Shota's Movie Review

2003年から「CDジャーナル」誌(音楽出版社 刊)に掲載されてきた映画レビューを再録しています。

与えられるべきものを奪われた子どもたちの悲痛

 日本初の劇場型犯罪、昭和59年の“グリコ・森永事件”をなぞりながら、その一部始終のひとつの可能性を、緻密な想像で描く。
軸となるのは、犯人でも被害者でもなく、犯罪電話に使われた“声の主”の子どもたち3人。
警察とマスコミを翻弄した事件を、20数年を経て問い直す意義。
元になった事件はいまだ未解決だが、与えられるべきものを奪われた周囲の人たちの悲痛はきっと本物。
意外なドンデン返しもあり、エンタメとしても成立している。

たぶん根は悪い人間ではない、気まぐれに見える小娘の造形がよい

 ブラジルのどこかの田舎町。
視力を失いつつある独居老人は、頑固で融通が利かず、大切な手紙も読めない。
そんな彼が偶然出会ったのは、サクッと人の物を盗んでいくし、シレっとを人を裏切るような小娘。
たぶん根は悪い人間ではない彼女に手紙のやりとりの代行を頼むうち、老人には活力が戻ってくる。生きる潤いが、意欲が戻ってくる。
気まぐれに見える小娘の造形がよい。そしてなんだかソワソワしている老人の姿がかわいい。
質の良い小作。

予告編は観ないで直当たりで観るのがオススメ。しみじみと怖い。

 怖い怖い怖い怖い。
冒頭、小春(土屋太鳳)一家が襲われる大惨事の数々はコミカルなのに、白馬に乗った王子様である大悟(田中圭)と出会った!──という突然の大きな幸福の後に、気がつけば積み重なってゆく小さな歪み……。
シンデレラの話に「哀愁」とつくタイトルの意味。
3月のライオン』や『ビブリア古書堂の事件手帖』の脚本を手掛けた渡部亮平の商業映画監督デビュー作。
予告編は観ないで直当たりで観るのがオススメ。しみじみと怖いよ。

自分がゲイだと認めきれていない青年の、好きな男とのたった一度の、悪ふざけのような数秒間のキス。

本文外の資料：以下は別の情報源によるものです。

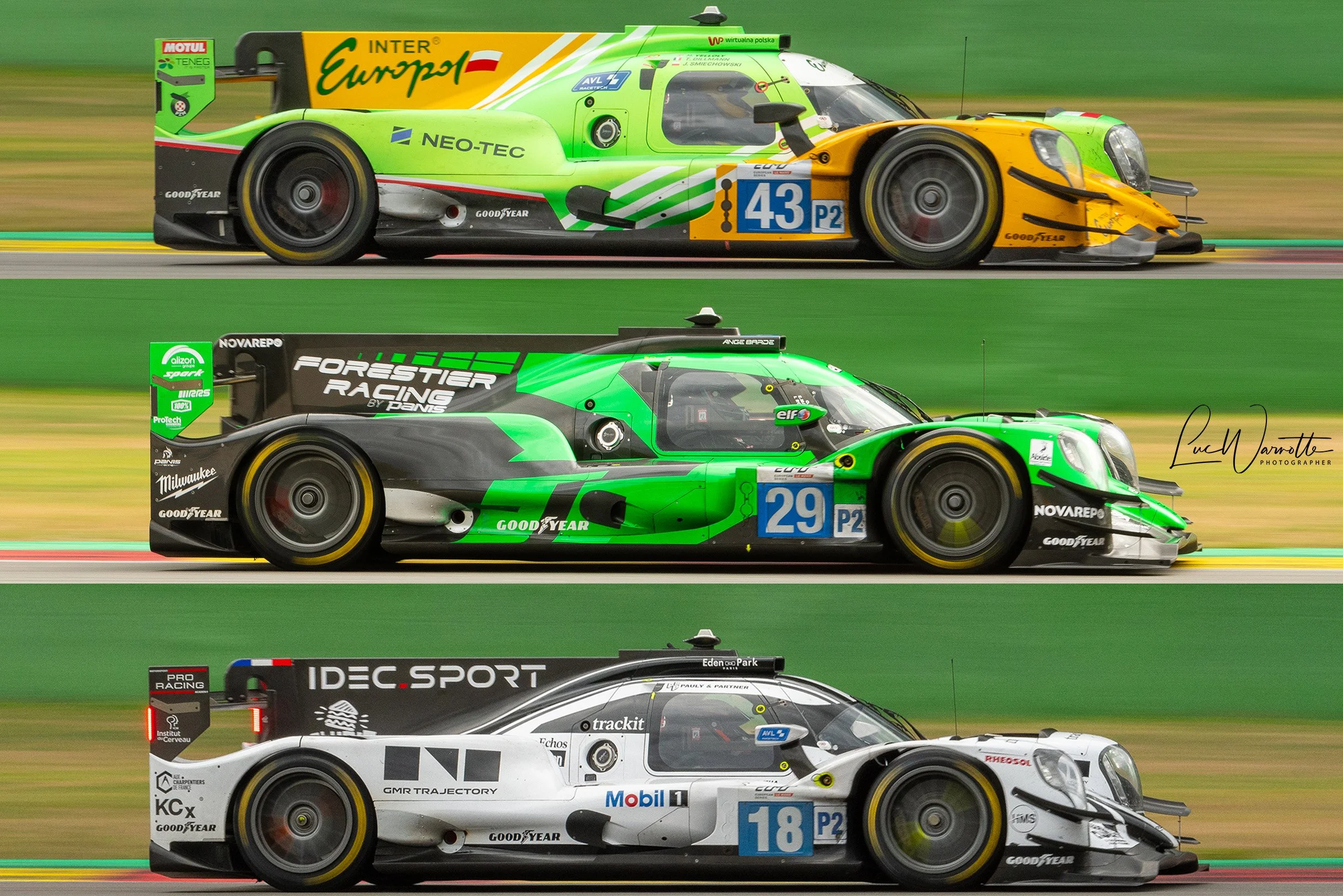 TOP 3 ELMS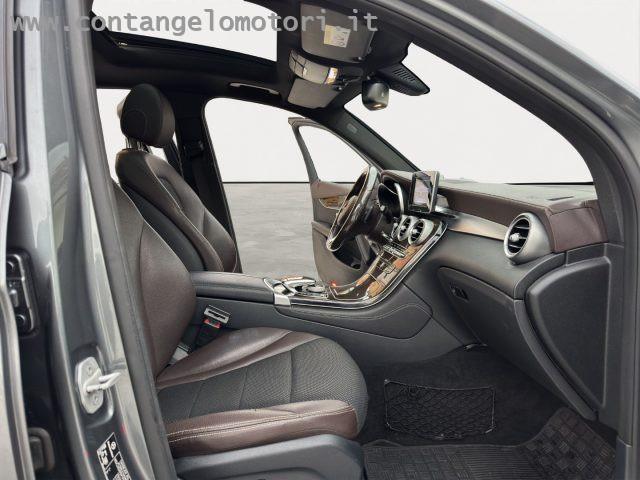 MERCEDES-BENZ GLC 250 d 4Matic Sport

 『ジョン・F・ドノヴァンの死と生』のグザヴィエ・ドランの主演・監督作。

仲間同士のパーティや馬鹿騒ぎ、流暢で皮肉に満ちたフランス流の会話の応酬に隠されたひとつの想い。
自分がゲイだと認めきれていない青年の、好きな男とのたった一度の、悪ふざけのような数秒間のキス。
彼だけが大切にし、心の中に沈めている思い出。それが「学生映画を撮りたい」という友人の妹の願いによって、もう一度表面に浮き上がってくる――その想いがとても美しい。

実話。彼らは今、どうなっているんだろう。

 “ストックホルム症候群”――誘拐や監禁などの密室状態で、被害者が犯人に好意を持ってしまう心理状態。本作ではその名の元となった1973年の人質監禁強盗事件を丁寧に、時に乱暴に描く。政治家や警察など部外者を信じられない中、被害者の密室での好意は恋となっていく……。保身のための勘違いなのかもしれない。しかし恋とはすべからく勘違いである。主演のイーサン・ホークノオミ・ラパスも好演。ところで彼らは今、どうなっているんだろう。

ただただ怖い、が、最後の一瞬で、観客はさらに怖いことに気づく。

歴史が浅い国のわりに、アメリカの地下には数千kmもの忘れられた地下道がある。破棄された地下鉄網や道路、廃坑などだ。地上には陽射しに包まれた生活がある。
しかし地下にもし、封じられた人々の生活があるとしたら……まるで地上の人々の幸せの影にように。
交わるべきではなかったのに、ある移動遊園地には、ふたつの世界を繋ぐ穴が開いていた──ただただ怖い、が、最後の一瞬で、観客はさらに怖いことに気づく。

歪んだユーモアを持つサイコパスとなった。同情はできない哀しさ。

世紀の悪人は、いかにして悪人となりしか。
アメコミの常で各キャラの出自は何度も違う形で描かれてきたが、バットマンの宿敵ジョーカーについては、これがもっともダーク。
堕ちていったのに、大きな要因などなかった。病の母を介護しつつ芸人を目指し、ピエロ役で下積みする男の小さな苦悩の積み重ね。本作はそれを丹念に描いた。
苦労人は、いつしか歪んだユーモアを持つサイコパスとなった。同情はできない哀しさ。